I then wanted to calculate what proportion of the casual vs. annual rides were round trips, i.e. rides where the rider returned the bike to the same location from which they started.
all_trips %>%
group_by(usertype) %>%
summarize(
percent_round_trips = sum(round_trip)/n()
) %>%
print()
## # A tibble: 2 × 2
## usertype percent_round_trips
## <chr> <dbl>
## 1 Casual 0.0845
## 2 Member 0.0160
So 8.45% of the casual rider trips were round trips, whereas only 1.6% of the annual member trips were round trips.
Here is a list summarizing the most salient differences between casual riders and annual members:
I now visualized some of these salient differences between casual riders and annual members.

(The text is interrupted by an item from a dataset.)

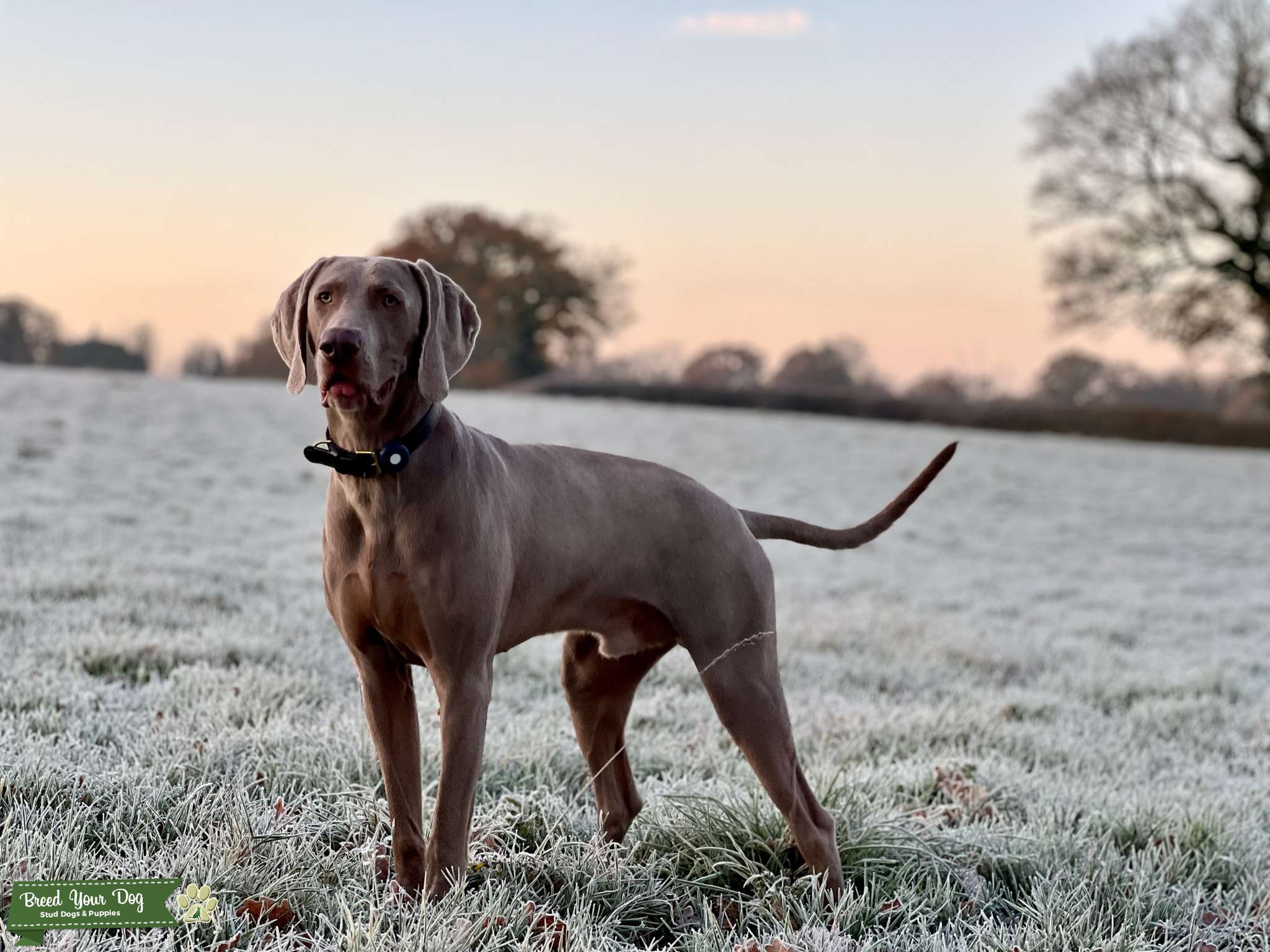 Healthy, KC registered male Weim Stud Dog in Warwickshire, Malaysia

First, I visualized the difference in average ride length (in minutes) by day of the week, in a clustered column chart.
all_trips %>%
group_by(usertype, day_of_week) %>%
summarize(
average_ride_length = mean(trip_duration),
avg_ride_length_mins = average_ride_length/60
) %>%
arrange(usertype, day_of_week) %>%
ggplot() +
geom_col(mapping = aes(x = day_of_week, y = avg_ride_length_mins, fill = usertype), position = "dodge") +
labs(
title = "Average ride length by user type and day of the week",
subtitle = "Casual riders have much longer average rides (especially on Friday)",
x = " ",
y = "Average ride length (mins)",
fill = " "
)
Then I visualized the differences in numbers of rides by day of the week, again in a clustered column chart.
all_trips %>%
group_by(usertype, day_of_week) %>%
summarize(
number_of_rides = n(),
) %>%
ggplot() +
geom_col(mapping = aes(x = day_of_week, y = number_of_rides/1000, fill = usertype), position = "dodge") +
labs(
title = "Nunber of rides per day of the week by user type",
subtitle = "Annual members prefer weekday rides, while casual riders prefer weekend rides",
x = " ",
y = "Number of rides (thousands)",
fill = " "
)
Lastly, I visualized the gender proportions by user type, in a 100% stacked column chart.
ggplot(all_trips) +
geom_bar(mapping = aes(x = usertype, fill = gender), position = "fill") +
labs(
title = "Gender proportions by user type",
subtitle = "Annual members have a greater proportion of males",
x = " ",
y = " ",
fill = " "
)
Based on my analysis of the Cyclistic ride data for 2019, here are my top three recommendations (in no particular order) for how the Cyclistic marketing team can best attempt to convert more casual riders into annual members:
Casual riders trend younger than annual members and have a more balanced gender breakdown, so marketing efforts to convert casual riders into annual members should be targeted towards a younger and more gender-balanced audience.
Casual riders prefer to ride on the weekend, so a marketing strategy to convince casual riders to purchase an annual membership might involve offering a discount on the annual membership fee if a majority of rides are taken on the weekend.
Casual riders take much longer rides on average, so a marketing strategy to convince casual riders to become annual members might involve offering a discount on the annual membership fee if a majority of the rides taken are longer than a certain time threshold.